# my little hedgehog - lots of photos



## emzybabe (Jun 30, 2009)

Hey guys just thought you'd like an update on my hedgehog (still not decided if I should re-name her), shes doing great is very confident runs like mad and its such an honor to have her.

Finally the bonding pouch I ordered arrived and we couldnt wait to check it out.

having a sniff









going in









her butt









seal of approval - a big grin









charging round the sofa - a favorite past time 









through the loop...


----------



## Guest (Dec 5, 2011)

Awww lil cutie, you want to come live with me right??


----------



## retepwaker (Dec 5, 2011)

How seed hedgehog aren't cuddly


----------



## Guest (Dec 5, 2011)

retepwaker said:


> How seed hedgehog aren't cuddly


huh?  I'm a bit confused :lol:


----------



## Sarah+Hammies (Jul 20, 2009)

retepwaker said:


> How seed hedgehog aren't cuddly


:001_huh:  I'm confused.....

btw emzy she is such a cutie 

My hog is going through a huffy stage at the moment  I think its the weather change or something :001_huh:


----------



## emzybabe (Jun 30, 2009)

thanks guys, she really is lovely. 

She can be little sleepy if I get her out when the house isnt boiling hot, she is also quilling at the min but she seems to enjoy a good bath


----------



## emzybabe (Jun 30, 2009)

Oh I just thought I would add some points for anyone thinking of getting a little hog. 

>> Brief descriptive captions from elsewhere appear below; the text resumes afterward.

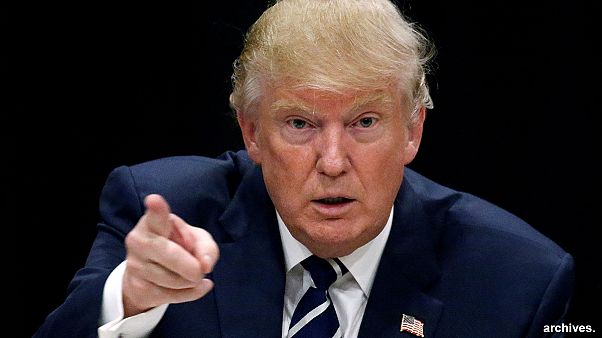 Трамп назвал пересчет голосов "смехотворным" Трамп назвал пересчет голосов "смехотворным"
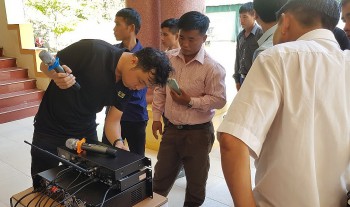 Nghệ An: Bàn giao trang thiết bị tăng âm loa máy cho 15 bản ở huyện biên giới Kỳ Sơn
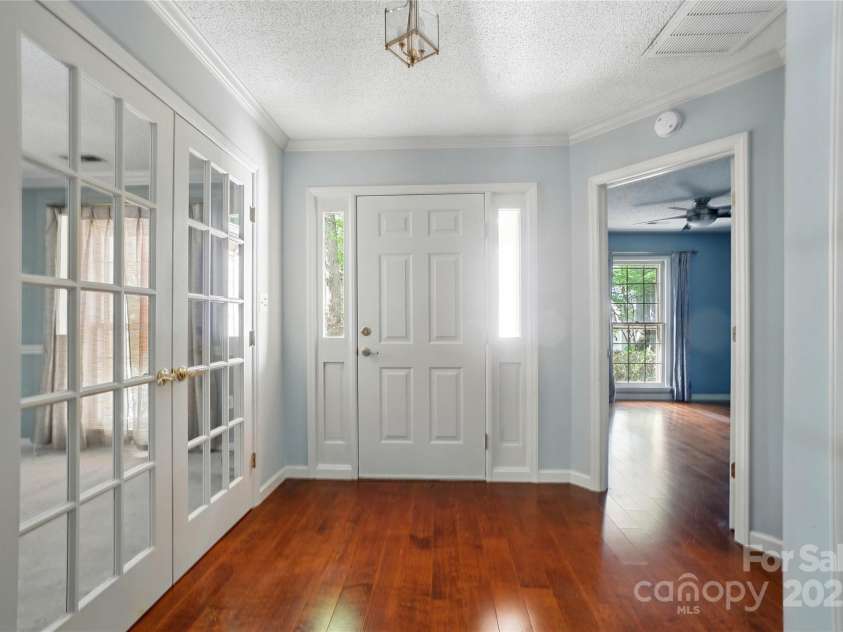 9927 Raddington Lane, Charlotte, NC 28269.  MLS# CAR4255804, YatesRealty ID 15803. 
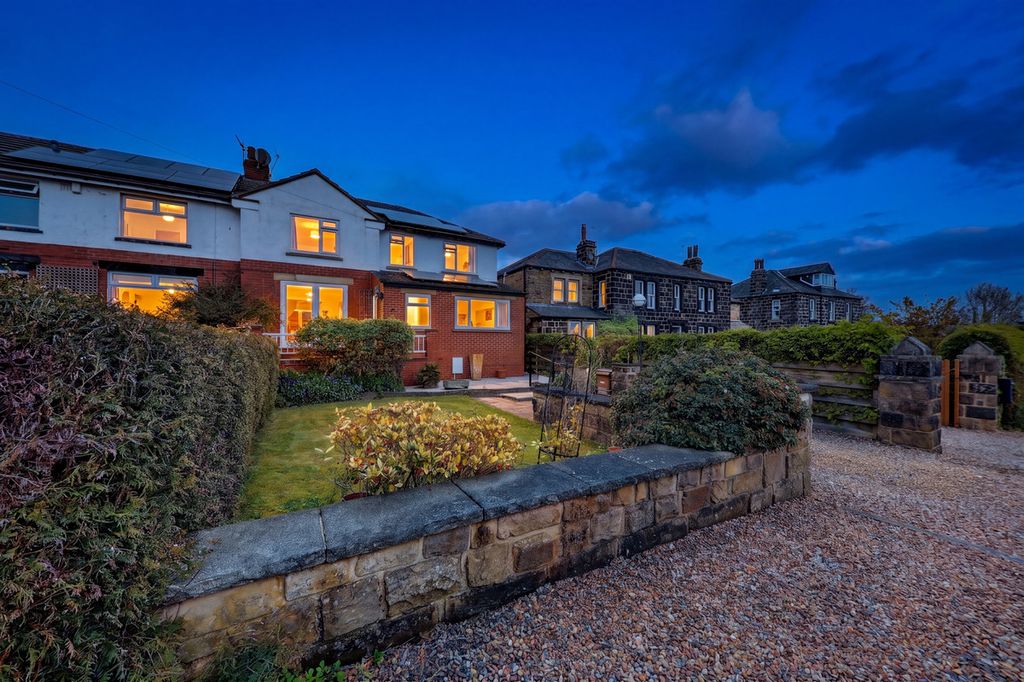 Property photo 1 of 33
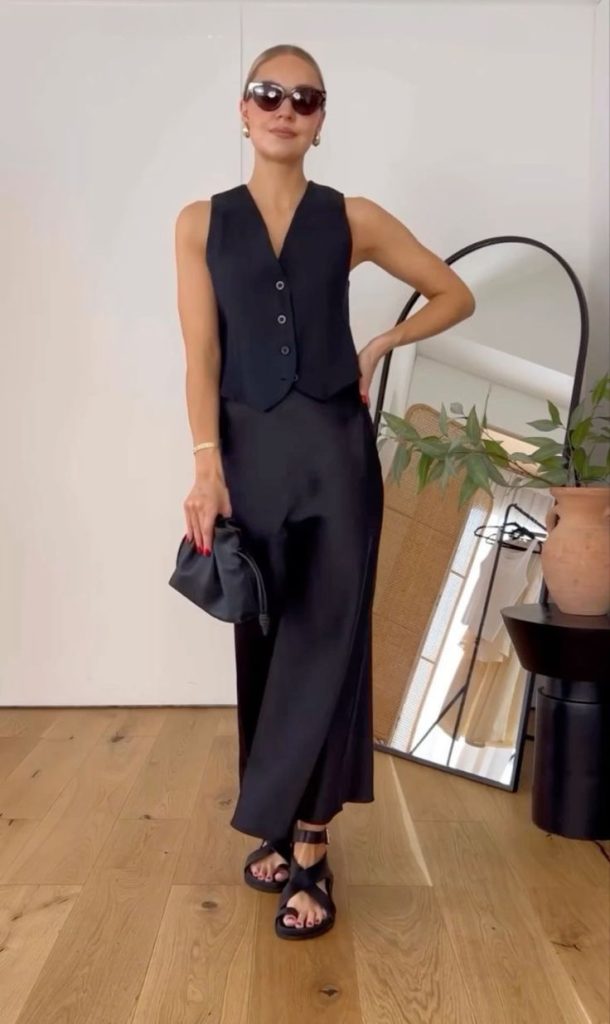 Black Spring outfit inspo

They tread in their own poop which means they need regular foot washes unless you want them to drop poo particles all over you, your clothes, carpet and sofa.

Their poo is like mini cat poo, I dont think it smells quite as bad but every morning I clean her out so that my lounge doesnt smell throughout the day. 

They can also get a little musty so need occasional all over bath followed by a good drying time.

Running on their wheel most of the night means they are noisy, I have her in my lounge next to my bedroom and can hear her, luckily I sleep pretty heavy. 

They like it very warm, I find she doesnt appreciate coming out for run around if my house is only around the 18-20C mark, she likes it much hotter and her temperament is much better for this. This has resulted in my skin getting quite dry. 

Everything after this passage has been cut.